# Task
Output the data unchanged and complete, minus the images.

# Material provided

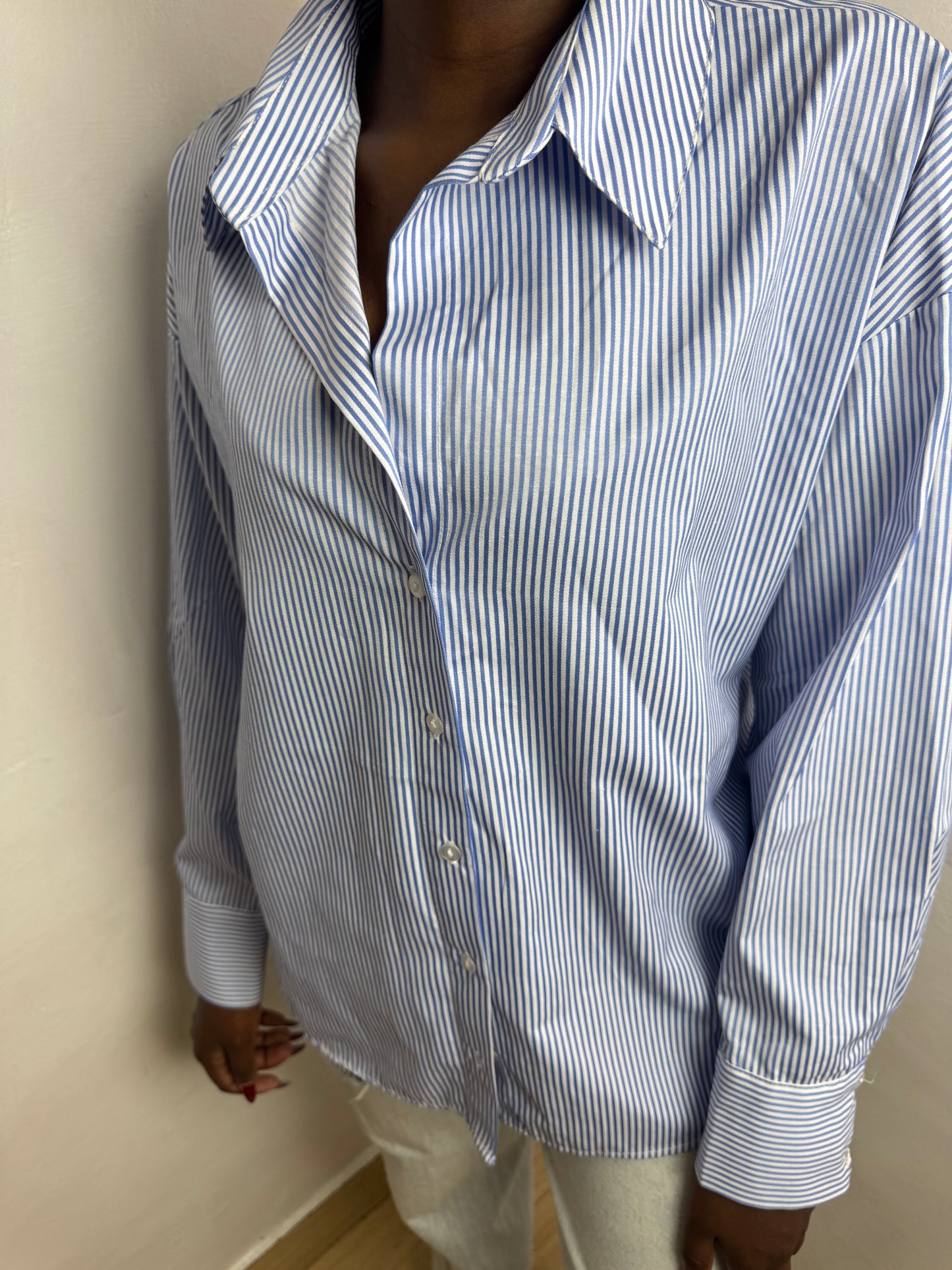 Textured Striped Shirt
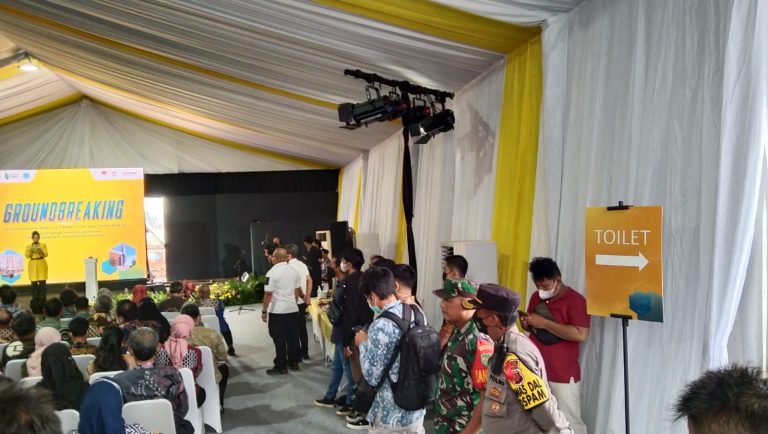 Kunjungan Menteri Perindustrian RI ke SMAK Bogor Dikawal Serka Sirad 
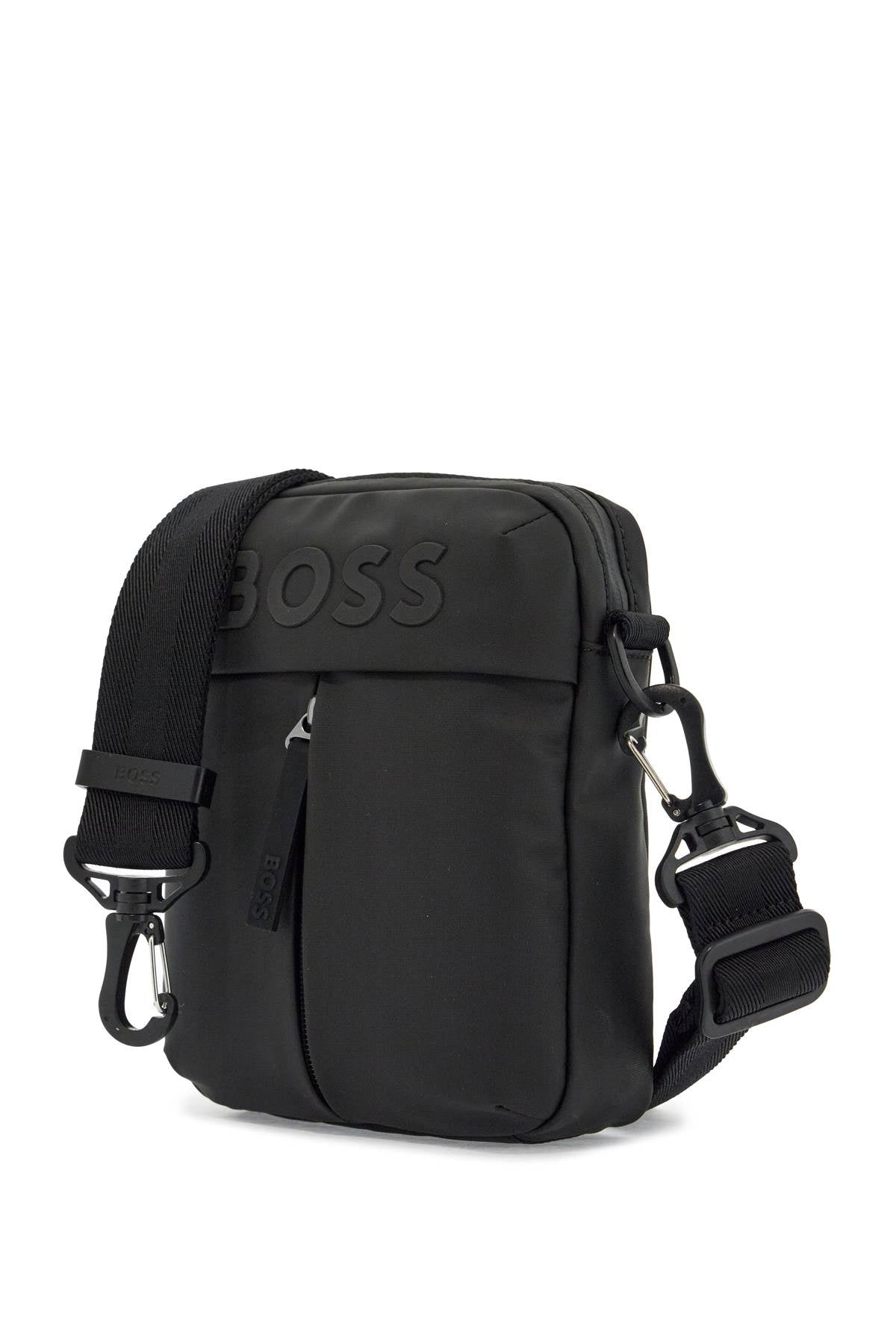 Boss compact black matte polyester bag with adjustable shoulder strap image 2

# Solution to this exercise
 Textured Striped Shirt
 Kunjungan Menteri Perindustrian RI ke SMAK Bogor Dikawal Serka Sirad 
 Boss compact black matte polyester bag with adjustable shoulder strap image 2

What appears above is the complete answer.